= President of Central Philippine University =

The following is a list of presidents of Central Philippine University from its founding in 1905 up to the present. The president is required by the university to be of the Baptist or any Protestant denomination:

|  | President | Life | Tenure | Events |
|---|---|---|---|---|
| 1. | Reverend William Valentine | 1862–1928 | 1905–1906; 1907–1914 | Established a Bible School in the City of Iloilo (June 1905) and later the Jaro Industrial School (1905). Women were admitted to the Jaro Industrial School (1913). Both schools were founded after the succession of the Philippines from Spain to the United States through the Treaty of Paris (1898). |
| 2. | Charles L. Maxfield | - | 1906–1907 |  |
| 3. | Francis Howard Rose | - | 1914–1916; 1938–1941 |  |
| 4. | Henry Weston Munger | - | 1916–1917 |  |
| 5. | Mary Jane Thomas | - | 1917–1918 | First female head (Principal) of Central. |
| 6. | Alton Ezra Bigelow | - | 1918–1922 |  |
| 7. | Harland Francis Chandler Stuart | - | 1922–1938 | The Jaro Industrial School merged with the Bible School and became a junior college (Central Philippine College) (1923). Central Philippine College became a senior college (1936). |
| 8. | R. Fred Hertling Chambers | - | 1941–1942 |  |
| 9. | Joseph Morris Rickey Forbes | - | 1947–1950 |  |
| 10. | Peter Hugh James Lerrigo | - | 1950–1952 |  |
| 11. | Almus Oliver Larsen | - | 1952–1956; 1957–1961 | Central Philippine College was given a university charter from the Philippine government (1953). |
| 12. | Linnea Agnes Nelson | - | 1956-1957; 1965-1966 | The first female president of Central. |
| 13. | Joseph Turner Howard | - | 1961–1965 | The last long line of Baptist missionary, white (European) and American presidents. |
| 14. | Rex Divinagracia Drilon | - | 1966–1971 | The first Filipino and alum to be president (1966).
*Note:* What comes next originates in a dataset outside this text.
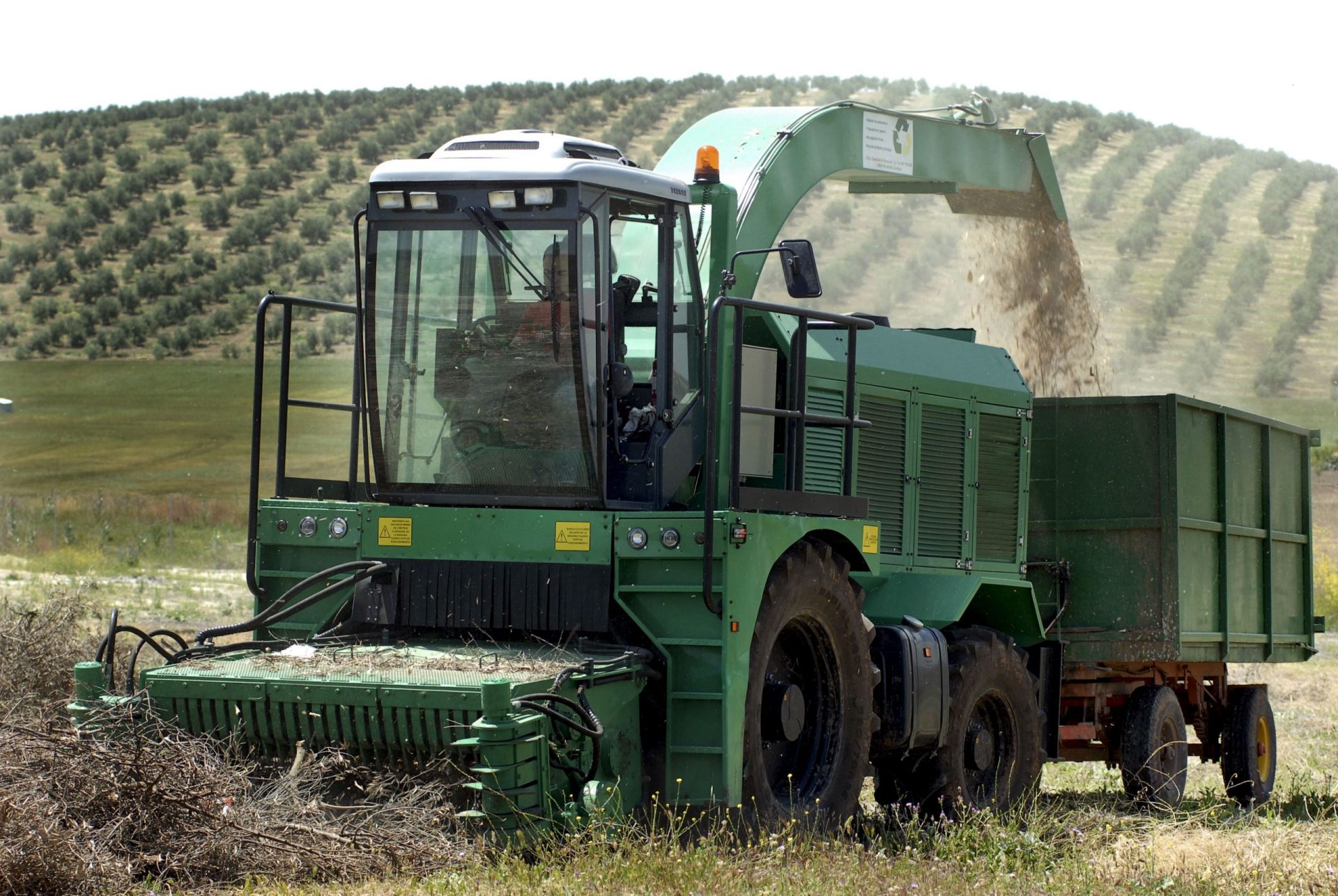 Una máquina trituradora de residuos de cosechas para su posterior utilización como biomasa para producir energía.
The Filipinization of Central where the university properties was turned over by the American Baptist Foreign Mission Society to the Filipinos (1968) |
| 15. | Agustin Aguilar Pulido | - | 1971–1996 | The first president associated with the Presbyterian Church. He became also the president of Silliman University. |
| 16. | Juanito Maca Acanto | - | 1996–2008 | The first lawyer by profession president. |
| 17. | Teodoro Canillas Robles | - | 2008–2023 | First President by Electrical Engineering profession and Fourth Filipino President. |
| 18. | Ernest Howard Dagohoy | - | 2023–Present | First Pastor President and Fifth Filipino President. |

Note: Postwar (1945-1947) heads - Urbano F. Nequin (Postwar Reopening Managing Committee: Chairman, Registrar) and May A. Coggins (Faculty Council: Chairman) are not included.